====== Collected material ======
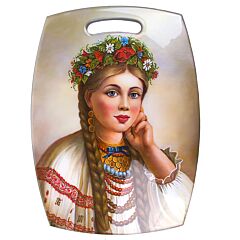 Девушка в венке деревянная доска для сервировки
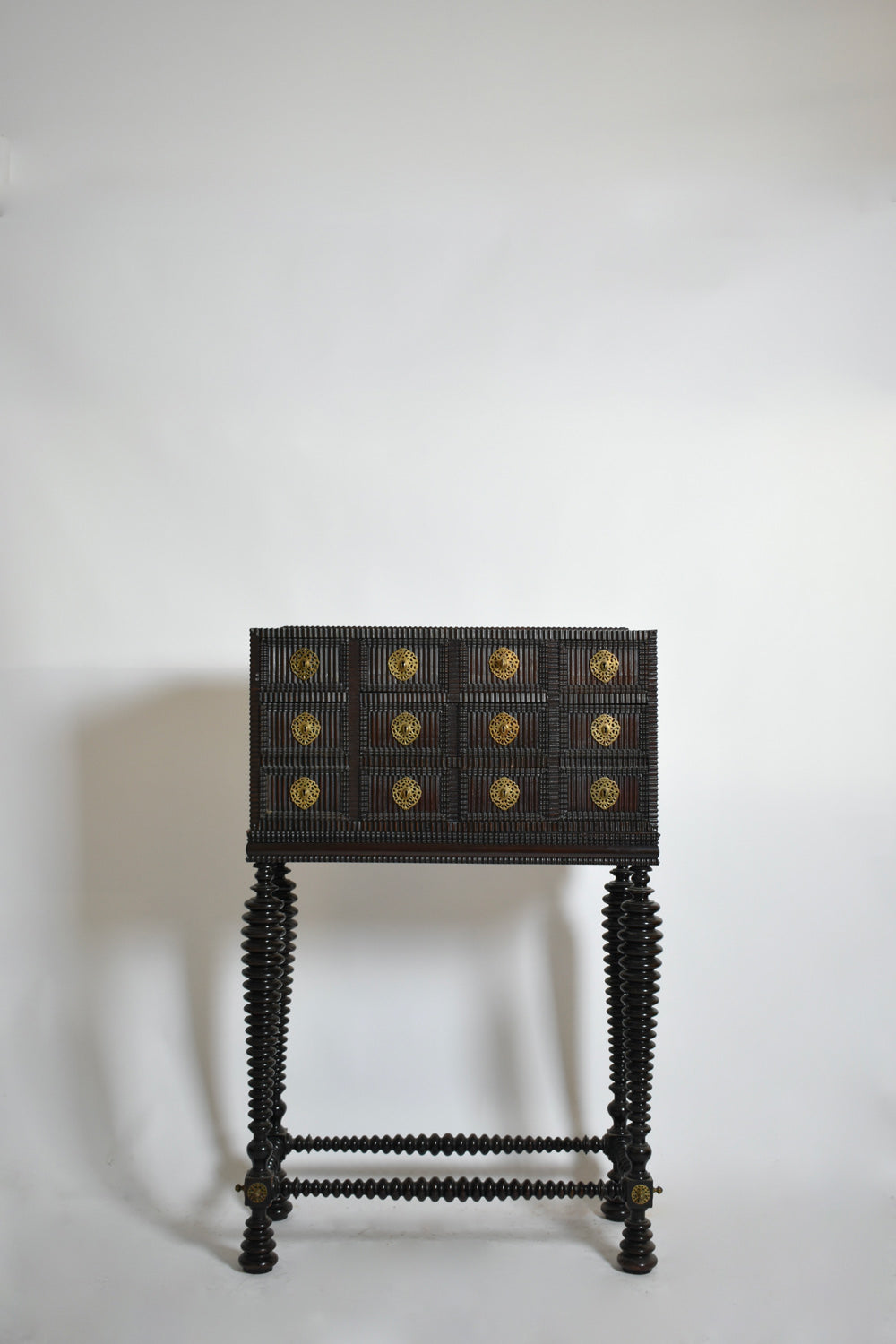 Turned wood cabinet, XIXth c.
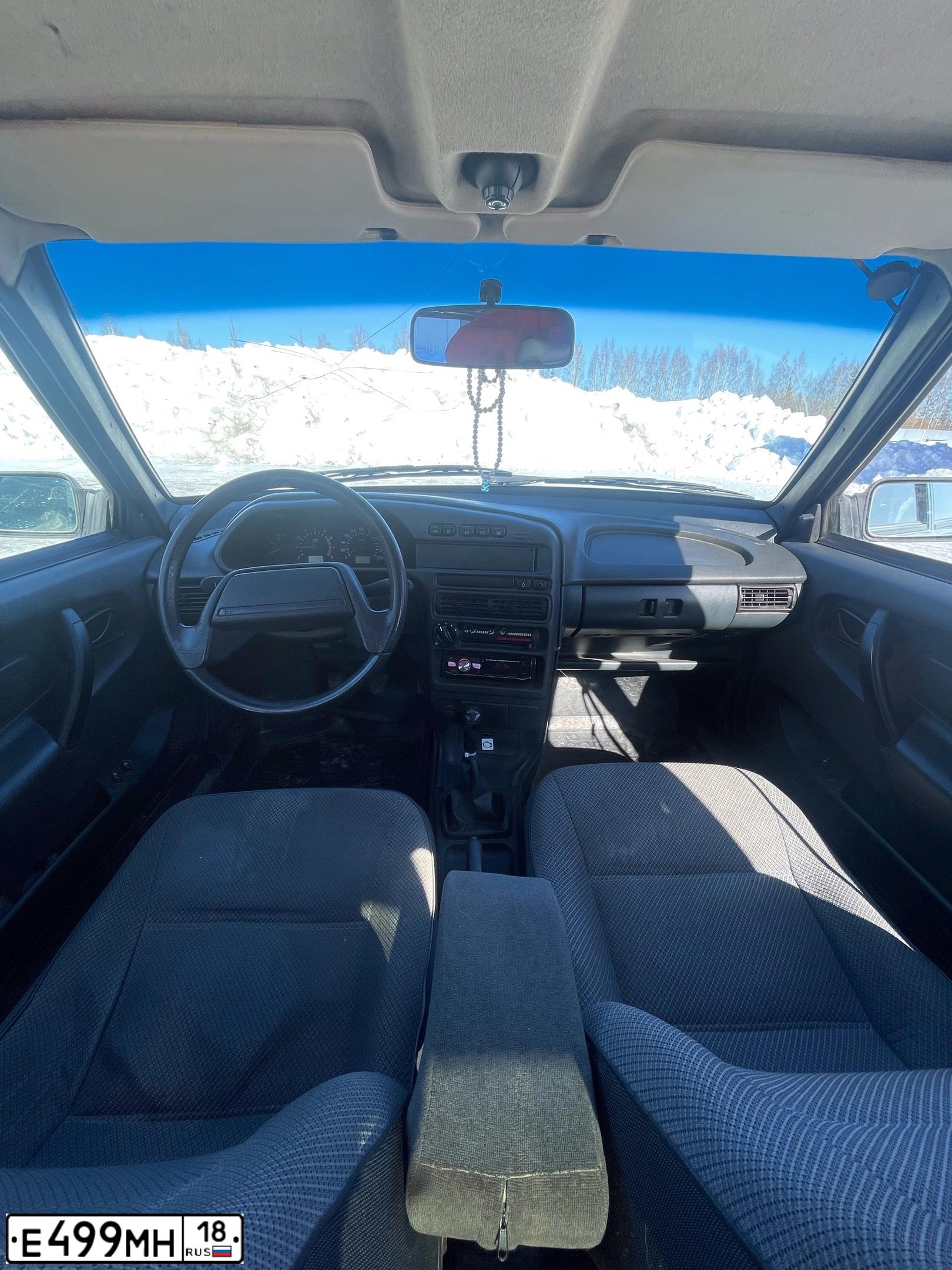 Фото автомобиля LADA 2114 SAMARA, 2008 — госномер Е499МН18. Цвет: СЕРО-СИНЕ-ЗЕЛЕНЫЙ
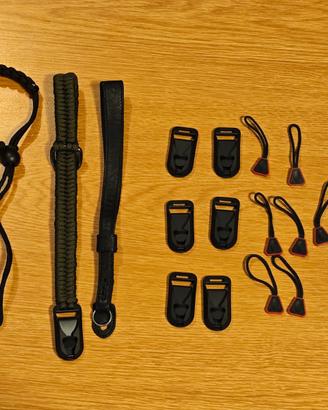Accessori:  cinghie da polso, agganci e occhielli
======
## Work instructions
Lines from the one containing "Фото автомобиля LADA" through the end of the listing, both included, are to be restated exactly, and pictures are to be left out.

## Your response
 Фото автомобиля LADA 2114 SAMARA, 2008 — госномер Е499МН18. Цвет: СЕРО-СИНЕ-ЗЕЛЕНЫЙ
Accessori:  cinghie da polso, agganci e occhielli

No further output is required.